It will only prevent pushing those artifacts right now. There’s --no-run-cache option that
will skip using run-cache, but it still tries to save the run-cache.

Thank you for your answer as well. This explains lots of the behavior, but I’m still confused. I always thought it worked like this:

  • dvc run -o file ...: git like versioning of file (I would call this strong versioning). file can be restored from archive/.cache
  • dvc run -O file ...: I would call this weak versioning. If the pipeline is deterministic, file can get restored by running the pipeline again. Changes are detected by storing hashsums. Typical tradeoff between memory and time.

Did this change in 1.0?

I ran dvc run -n test -O hello.txt --no-run-cache "echo hello > hello.txt". Is it correct that the corresponding stage in the dvc.yaml doesn’t change at all? Will this limit the memory usage now?

  test:
    cmd: echo hello > hello.txt
    outs:
    - hello.txt:
        cache: false

I have to say, that it never crossed my mind that this option (-O) is for small git versioned files.

@xyz

Changes are detected by storing hashsums. Typical tradeoff between memory and time.

This did not change in 1.0. Checksum are now stored in dvc.lock. Regretfully, as its mentioned in the issue posted by @skshetry dvc still tries to make use of run cache, feature introduced in 1.0.
Can I ask you to comment there that you have issues with that too?

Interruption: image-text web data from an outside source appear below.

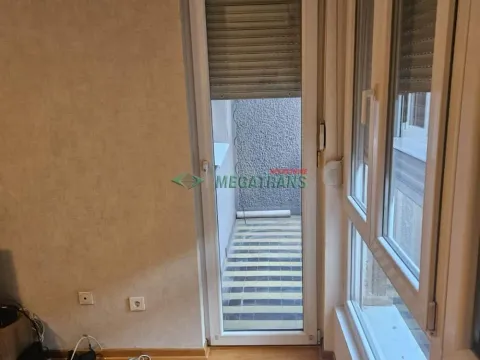 Rent, two bedroom apartment, 47m², Vukov Spomenik, Zvezdara Sve Podlokacije - image 12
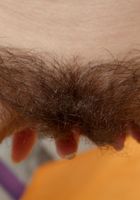 Sandrina strips down and spreads her tight hairy twat, Sandrina (san074) ATK Natural & Hairy: Sandrina (Sandrina strips down and spreads her tight hairy twat)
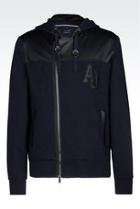 Armani Jeans Hoodies - Item 37753645
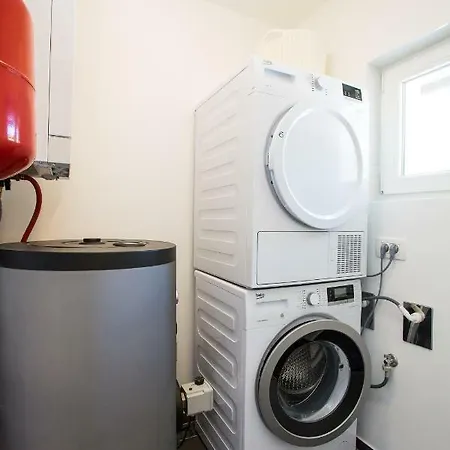 Vacation Old Cherry Сasa de vacaciones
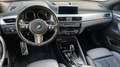BMW X2 sDr 20d M Sport LED NaviPlus Auto 20 Zoll Naranja - thumbnail 11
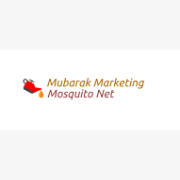 Mubarak  Marketing Mosquito Net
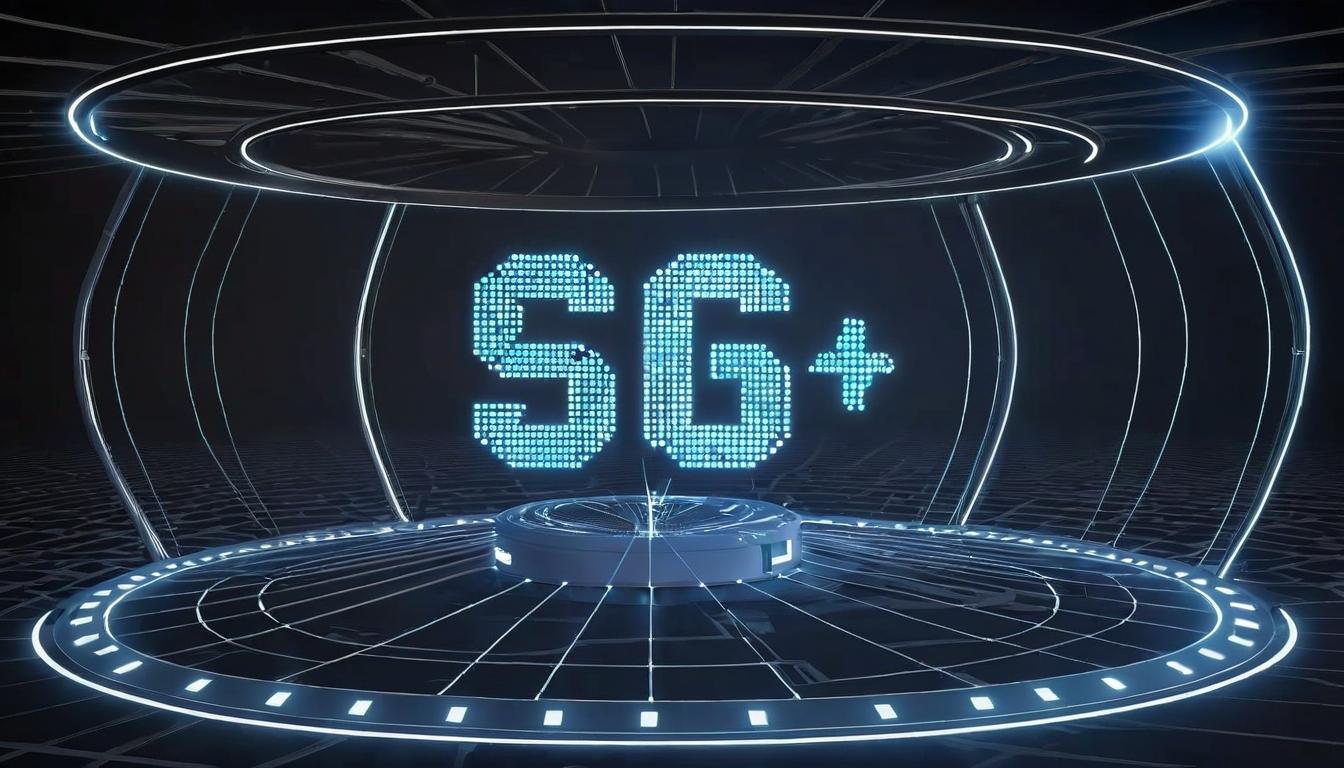 La guerra silenciosa de las antenas: cómo las operadoras están redefiniendo el 5G sin que te des cuenta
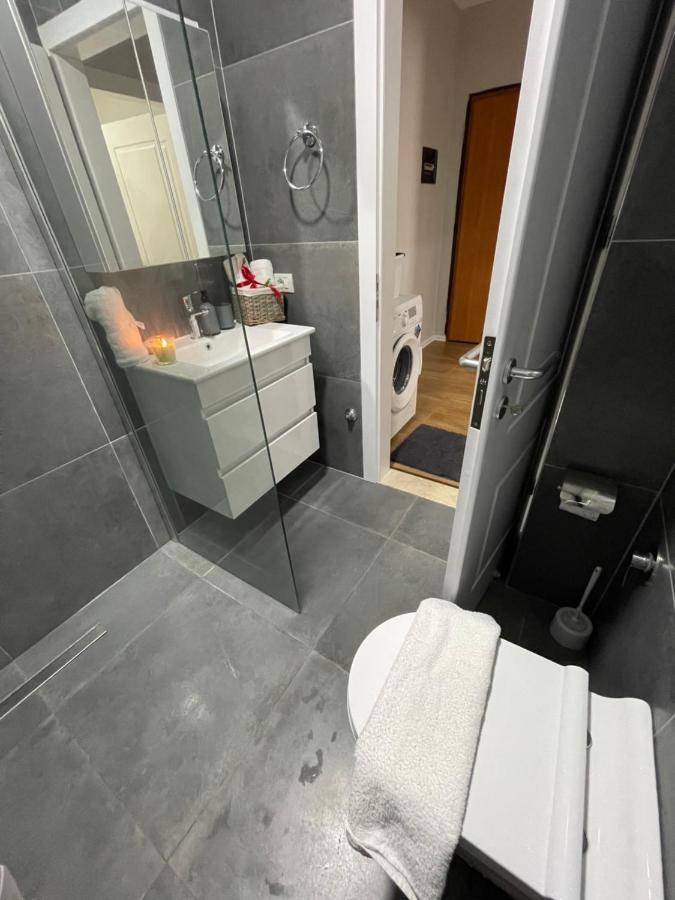 Appartement Franci's No2 *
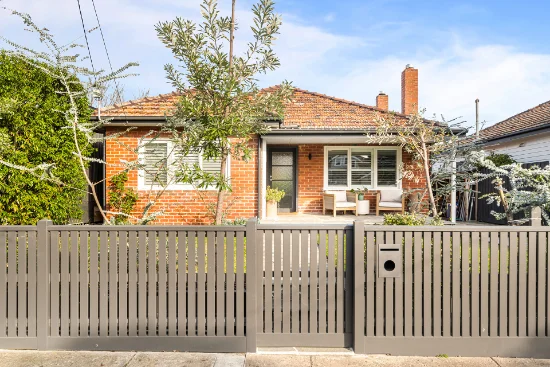 218 Raleigh Street, Thornbury, Vic 3071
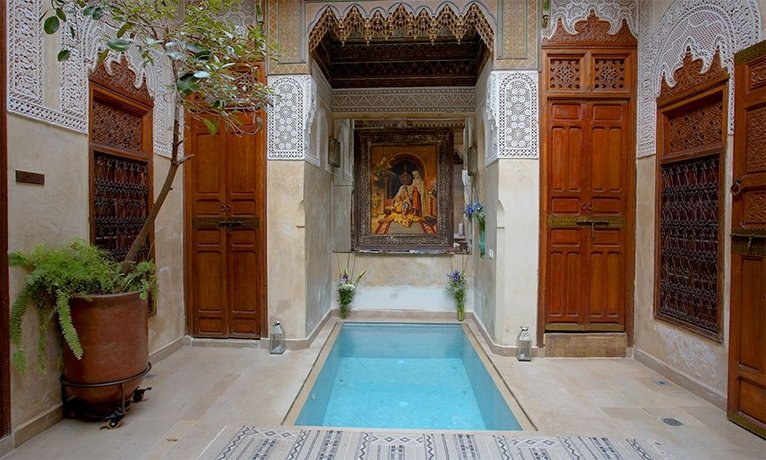 Riad Dar Zaya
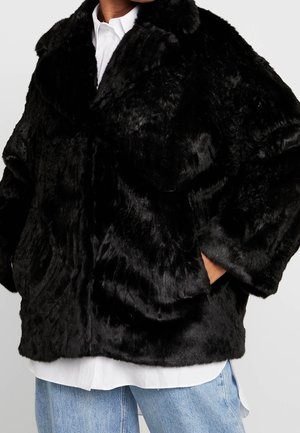 Giacca invernale - black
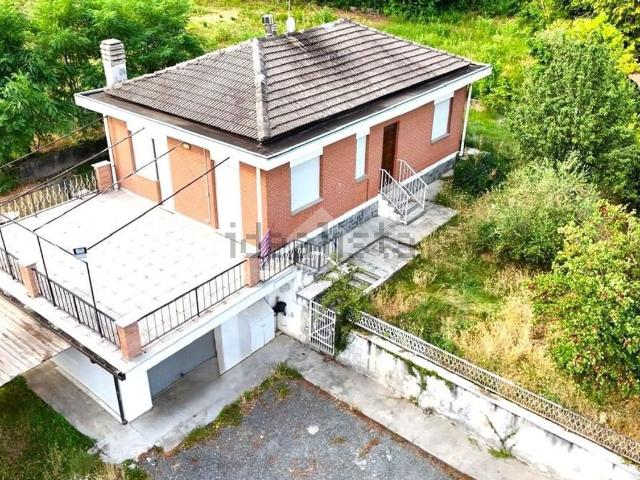 Casa in vendita a Piemonte, Torino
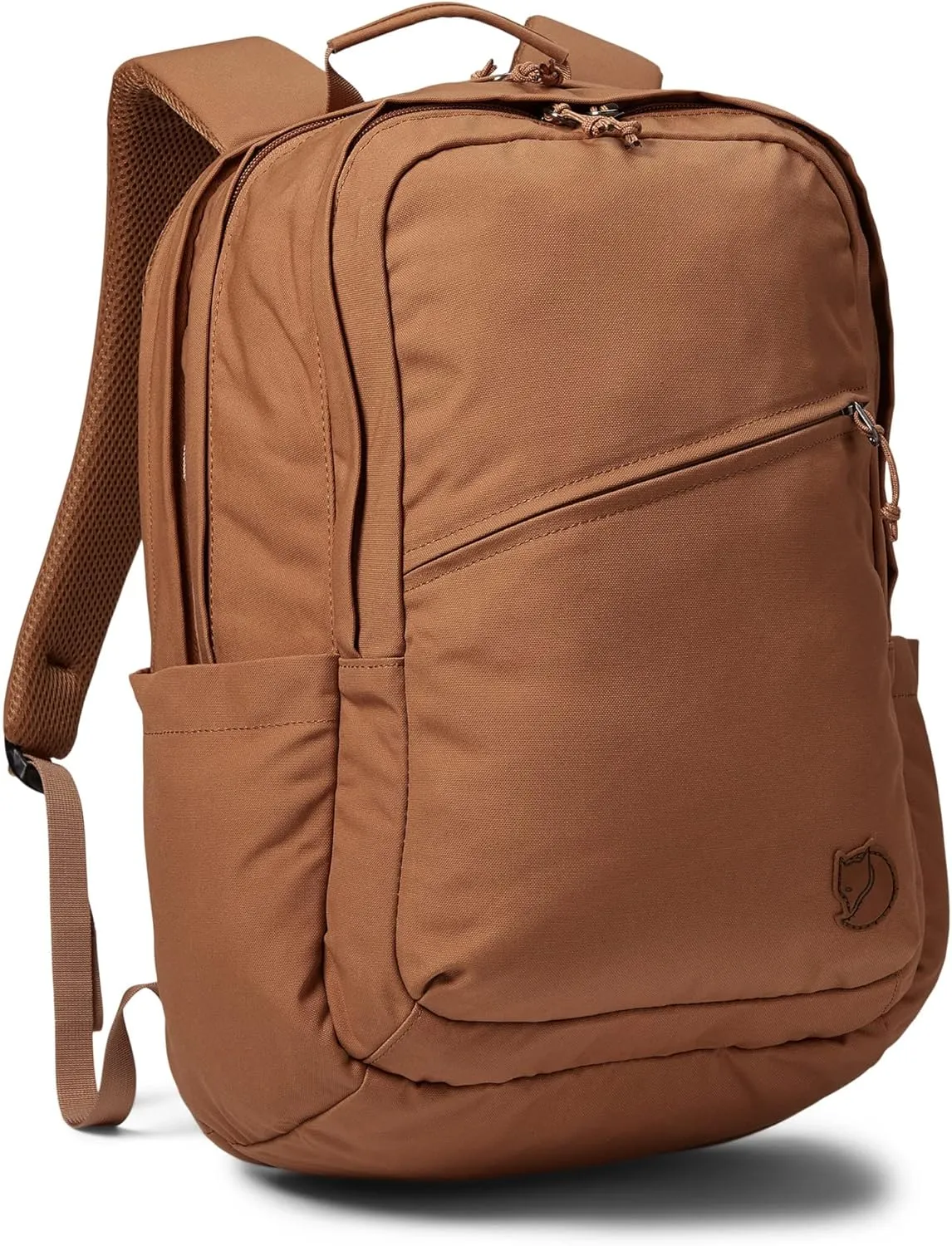Fjällräven Raven 28 Khaki Dust One Size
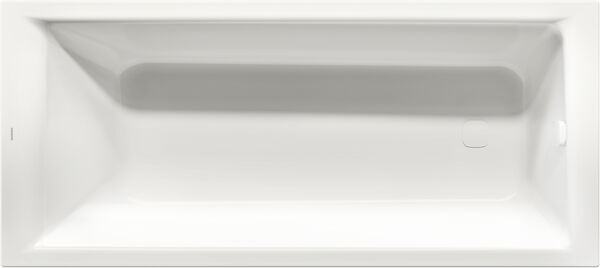 Badewanne Kaldewei Puro Next Weiss Gleitschutz Invisible Grip image number 0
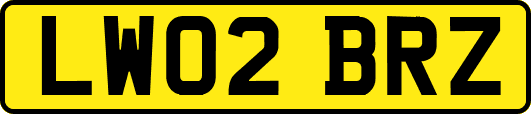LW02BRZ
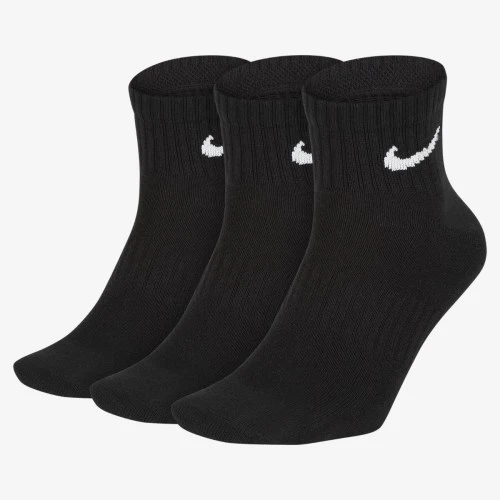 Nike მამაკაცის წინდა U NK ED LTWT ANKLE 3P 132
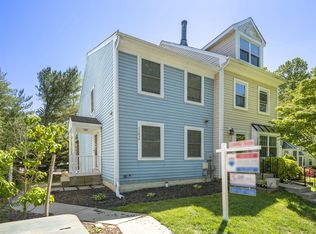 13650 Ambassador Dr #13650, Germantown, MD 20874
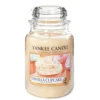 Yankee Candle Original Jar Candles Large Vanilla Cupcake 623g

It seems like a bug to me. I already wrote a comment there.

Hi,
with my last answer I just wanted to tell what I think how things should work. Just to clarify: The checksums are calculated and saved correctly. Basically all I want is to limit the disk space for stages that are deterministic and produce big data folders. ( I know that I can use the garbage collection command. ) Do you want me to make a comment in the mentioned issue?
Thanks again :grinning:

@xyz sure! Usually we discuss validity, their importance and how severe they are and if we know particular use cases its much easier to estimate.